The timing is perfect—this week marks National Farmer's Market Week—and comes on the heels of a new report finding that farmer's markets could generate thousands of jobs in the U.S.
THE DETAILS: The 2011 USDA Farmer's Market Directory lists 7,175 farmer's market, and Merrigan says the number is probably even higher because some markets don't self-report. The states with the most markets include California, New York, Michigan, Illinois, Pennsylvania, Ohio, Iowa, Wisconsin, North Carolina, and Massachusetts. And, though not on the top 10 list, Alaskan farmer's markets increased 46 percent over last year, and Texas, Colorado, and New Mexico were each up 38 percent. As an indication that shoppers are indeed searching for more local, organic food, Merrigan said more than 2 million people have searched the USDA Farmer's Market Directory so far in 2011.
"Farmer's markets are just growing exponentially," said Merrigan, who highlighted farmer's market innovations, particularly those that bring healthy produce to low-income areas. One such advancement is the increase in farmer's markets' allowing electronic benefit transfers (EBT), so people receiving Supplemental Nutrition Assistance Program (SNAP) benefits, formerly known as food stamps, can purchase fresh, healthy food at farmer's markets. Many of these markets are moving into food deserts, areas without grocery stores that sell fresh produce and where the few stores that do sell fresh vegetables are bodegas and corner stores with a high mark-up.
Note: Many of the USDA programs that help boost farmer's markets numbers and bring healthy food to people could be on the chopping block in the 2012 Farm Bill.

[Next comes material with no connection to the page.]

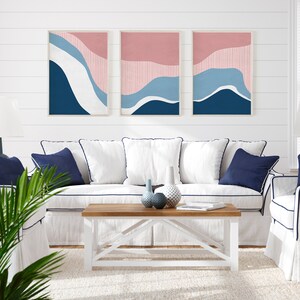 Boho Wall Art Set of 3, Mid Century Modern Printable Art, Farmhouse Wall Decor, Bedroom Prints, Boho Wall Art, Abstract Prints, Rustic Home image 7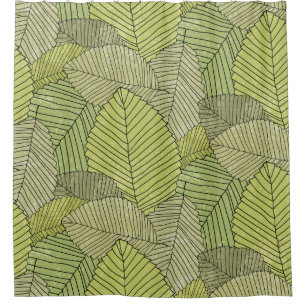 Abstract leafs pattern colorful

Along with the USDA's new statistics, the nonprofit Union of Concerned Scientists (UCS) released an report finding that farmer's markets could be a much-needed antidote to high unemployment. Their economic analysis found that even modest public support for up to 500 farmer's markets annually would create up to 13,500 jobs in a five-year window, bolstering local and regional food systems. "On the whole, farmers markets have seen exceptional growth, providing local communities with fresh food direct from the farm," says Jeffrey O’Hara, the author of the report and an economist with UCS’s Food and Environment Program. "But our federal food policies are working against them." He adds that tens of thousands more new jobs could be created if the government would just divert a small fraction of the subsidies that are currently doled out to industrial farms to farmer's markets.